3. Vivi con Cristo nella gloria e sei presente nella Chiesa, camminando con essa per le strade degli uomini.

Nei tuoi scritti plasmasti la tua voce e la tua anima.

Nella tua famiglia religiosa perpetui il tuo spirito.

Ci hai lasciato come lezione l'amicizia con Cristo.

Ci hai affidato come testamento l'amore e il servizio della Chiesa.

"Felici le esistenze - come la tua - che si immoleranno a questo scopo!" ("Vita" 40,15).

La tua patria è la Spagna, ma tutto il mondo è oggi tua dimora, dove abitano le tue figlie e i tuoi figli, dove parli dalle pagine dei tuoi libri.

Sei messaggera di Cristo.

Sei parola universale di esperienza di Dio.

Il tuo vivo parlare castigliano è stato tradotto in molti idiomi.

I tuoi scritti si sono moltiplicati in infinite edizioni.

Sei entrata nella cultura religiosa dell'umanità.

Sei presente, onorando la Chiesa, nella letteratura universale.

Si sono compiuti, Teresa, i tuoi desideri di servire il Signore senza limiti di tempo e di spazio, fino al giorno della venuta gloriosa di Gesù!.


4. Salga ora fino al Padre, attraverso la tua intercessione, Teresa di Gesù, l'ardente preghiera del Papa pellegrino.

Ti prego per la Chiesa nostra Madre: "affinché la nave della Chiesa non sia sempre in burrasca" ("Cammino" 35, 5).

Intercedi per il suo estendersi evangelizzatore e per la sua santità, per i suoi Pastori, i suoi teologi e ministri, per gli uomini e le donne che si sono consacrati a Cristo, per i fedeli della famiglia di Dio.

Ti prego per un mondo in pace, senza guerre fratricide come quelle che ferivano il tuo cuore.

Svela a tutti i cristiani il mondo interiore dell'anima, tesoro nascosto dentro di noi, castello luminoso di Dio.

Fa' che il mondo esteriore conservi l'impronta del Creatore e sia libro aperto che ci parla di Dio (cfr. "Vita" 9,5).

Accogli la mia supplica per le anime che lodano Dio nella quiete, per coloro che hanno ricevuto la grande dignità di essere amici di Dio, per quanti cercano Dio nelle tenebre, perché sia loro rivelata la Luce che è Cristo.

Benedici coloro che cercano la comprensione e l'armonia, coloro che promuovono la fratellanza e la solidarietà, perché "bisogna sostenersi a vicenda" e "nella comunanza la carità getta profonde radici" ("Vita" 7,22).

Proteggi gli uomini del mare e della campagna, coloro che lavorano, e quelli che danno lavoro, gli anziani che in te trovano un modello di saggezza e di inesauribile creatività.

Benedici le famiglie, i giovani e i bambini.

Possano trovare un mondo di pace e di libertà, degno di uomini chiamati alla comunione con Dio, dove si possano coltivare quelle virtù umane che tu hai portato allo splendore della santità cristiana: la verità e la giustizia, la fortezza e il rispetto delle persone, l'allegria e l'affabilità, la simpatia e la gratitudine.

Pongo nelle tue mani la causa dei poveri che tu tanto amasti.

Fa' che si compiano i tuoi ideali di giustizia in una fraterna comunione di beni: perché tutti i beni sono di Dio e lui li distribuisce ad alcuni come amministratori suoi affinché li condividano con i poveri (cfr. santa Teresa di Gesù, "Pensieri sull'amore di Dio" 2,8).

Intercedi per gli ammalati, oggetto delle tue cure fino alla fine dei tuoi giorni.
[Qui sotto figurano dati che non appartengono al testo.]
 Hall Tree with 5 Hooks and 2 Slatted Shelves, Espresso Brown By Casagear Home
Aiuta i deboli, gli emarginati, gli oppressi, perché in loro sia rispettata e onorata la dimora di Dio, la sua immagine e somiglianza.


5. Teresa di Gesù, che continui a vivere in questa terra di Spagna! Ti prego per tutte le sue popolazioni. Fa' che vivano la ricchezza dei loro valori culturali in spirito di fraterna e solidale comunione.
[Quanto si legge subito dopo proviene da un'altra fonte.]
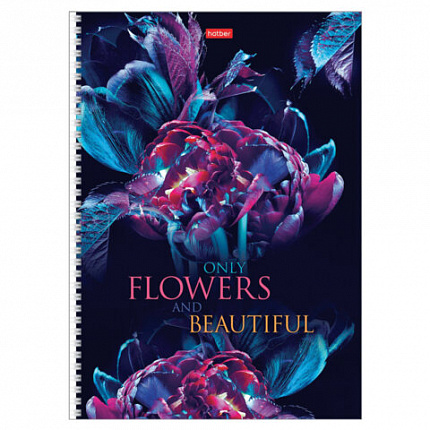 Тетрадь А4 96 л., HATBER, гребень, клетка, обложка картон, "Beautiful flowers" (микс в спайке), 086261, 96Т4В1гр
A te che sei amica di Dio e degli uomini, e con i tuoi scritti apri strade di unità, affido l'unità della Chiesa e della famiglia umana: fra i cristiani di diverse confessioni, fra i membri di diverse religioni, fra gli uomini di differenti culture. Tutti si sentano come tu li sentivi: "Figli di Dio e fratelli" ("Castello Interiore" V, 2,1l).
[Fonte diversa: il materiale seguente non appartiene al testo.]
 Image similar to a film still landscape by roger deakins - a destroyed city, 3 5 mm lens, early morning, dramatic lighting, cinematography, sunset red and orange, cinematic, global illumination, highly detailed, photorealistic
Fa' che si compia la tua preghiera e la tua parola di speranza, scritta nel "Castello Interiore" (VII, 2,7-8).

"Gesù Cristo Signor nostro pregando una volta per i suoi Apostoli domando che fossero una cosa sola col Padre e con lui, come egli, Gesù Cristo Signor nostro, è nel Padre e il Padre in lui (cfr. Jn 17,21). Non so se possa darsi maggiore amore! Anche noi vi siamo compresi, perché il Signore disse: Non prego soltanto per essi, ma anche per coloro che crederanno in me". Fa' che giungiamo tutti dove tu giungesti: fino alla comunione con la Trinità "dove la nostra immagine è impressa" ("Castello Interiore" VII, 2,7-8).

Teresa di Gesù, ascolta la mia preghiera! Salga fino al trono della Sapienza di Dio il ringraziamento della Chiesa, per ciò che sei stata e per ciò che hai fatto, per tutto ciò che ancora farai nel Popolo di Dio che ti onora come Dottore e Maestra spirituale. Desidero farlo con le tue stesse parole di lode e di benedizione: "Sia per sempre lodato e benedetto Dio nostro Signore! Amen. Amen" (VII, 2,4).




1982-11-01 Data estesa: Lunedi 1 Novembre 1982




Ai docenti di teologia nella pontificia università - Salamanca (Spagna)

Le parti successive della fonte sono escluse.